Supreme Court allowed the appeals filed by the Successful Resolution Applicant (Appellant-SRA), ruling that upon the approval of a Resolution Plan under the Insolvency and Bankruptcy Code, 2016 (IBC), all claims—including those pending adjudication (sub-judice)—that are not specifically provided for in the plan stand extinguished. The Court held that the “clean slate” doctrine is fundamental to the IBC, preventing unresolved or contingent claims from resurfacing and undermining the revival of the corporate debtor. Consequently, the Court set aside the High Court orders and dismissed the civil suit and arbitration proceedings initiated by operational creditors, affirming that they are bound by the terms of the approved Resolution Plan.

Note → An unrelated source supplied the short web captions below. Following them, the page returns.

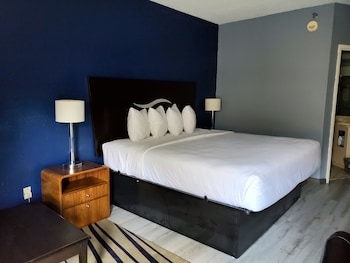 Studio Suite, 1 King Bed, Non Smoking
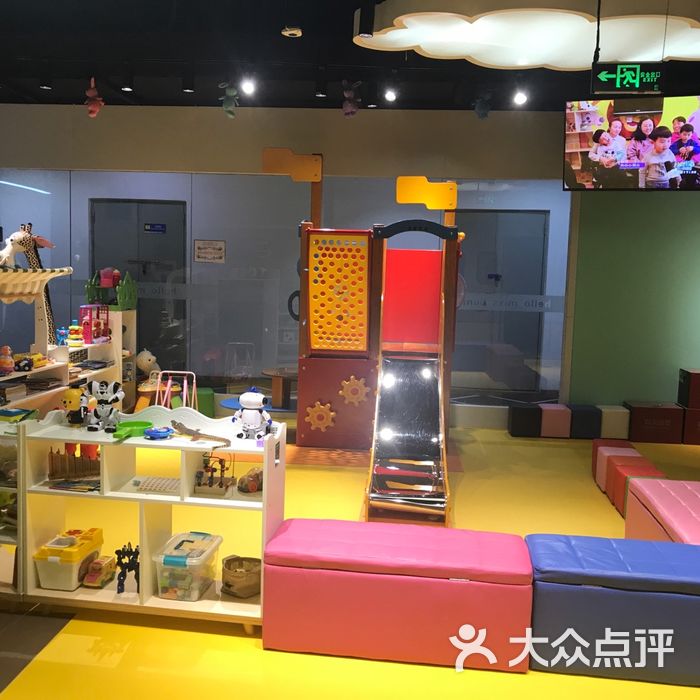 兔子小姐小儿推拿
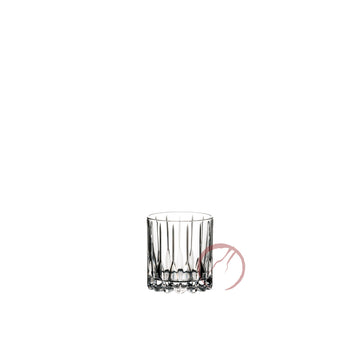 Riedel Drink Specific Glassware Neat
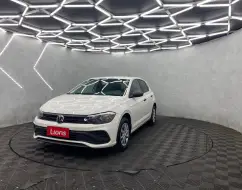 VOLKSWAGEN POLO 1.0 MPI TRACK MANUAL VOLKSWAGEN POLO 1.0 MPI TRACK MANUAL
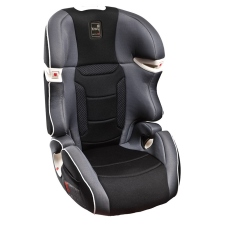 Seggiolino auto Gruppo 2/3 Kiwy SLF 23 collezione 2020 Carbon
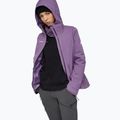 Geacă de ploaie pentru femei Mammut Linard HS Thermo Hooded Jacket Women paloja 4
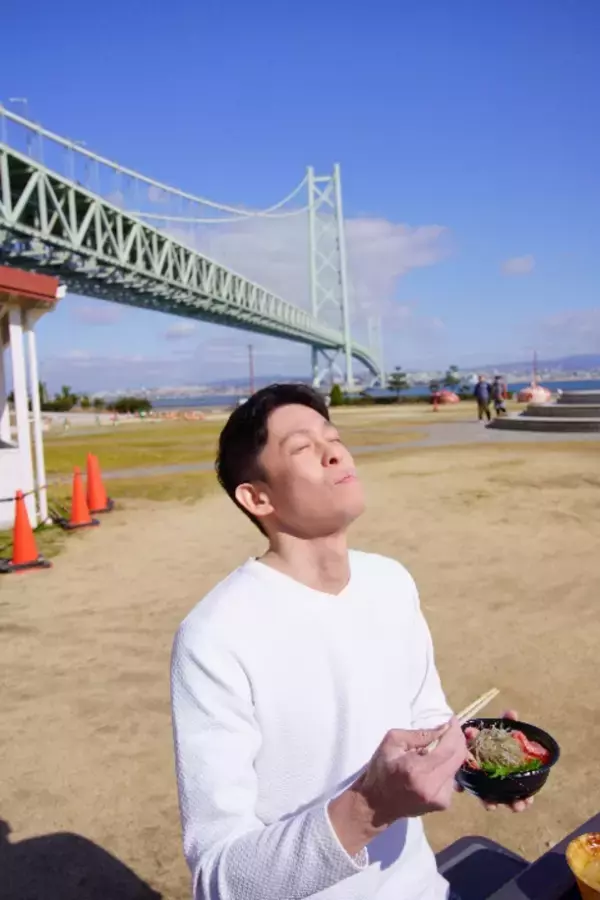 4月24日全島一斉スタート！淡路島の生しらす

- Background: The Appellant-SRA challenged Bombay High Court orders that allowed a civil recovery suit and arbitration proceedings to continue against the corporate debtor (Bhushan Steel Limited) despite the approval of its Resolution Plan. The respondents, operational creditors, sought to pursue claims that were pending at the time of the Corporate Insolvency Resolution Process (CIRP).
- Treatment of Claims: During the CIRP, the Resolution Professional admitted the respondents’ disputed claims at a notional value of Rupee One (1) each. The approved Resolution Plan stipulated that because the liquidation value was NIL, no amounts were due to operational creditors; however, a settlement fund was provided for those with admitted claims.
- The “Clean Slate” Doctrine: The Court emphasized that a successful resolution applicant must start on a “clean slate,” free from “hydra-headed” surprise claims. Once a Resolution Plan is approved under Section 31(1) of the IBC, it becomes binding on all stakeholders, and claims not incorporated therein are deemed extinguished, withdrawn, or abated.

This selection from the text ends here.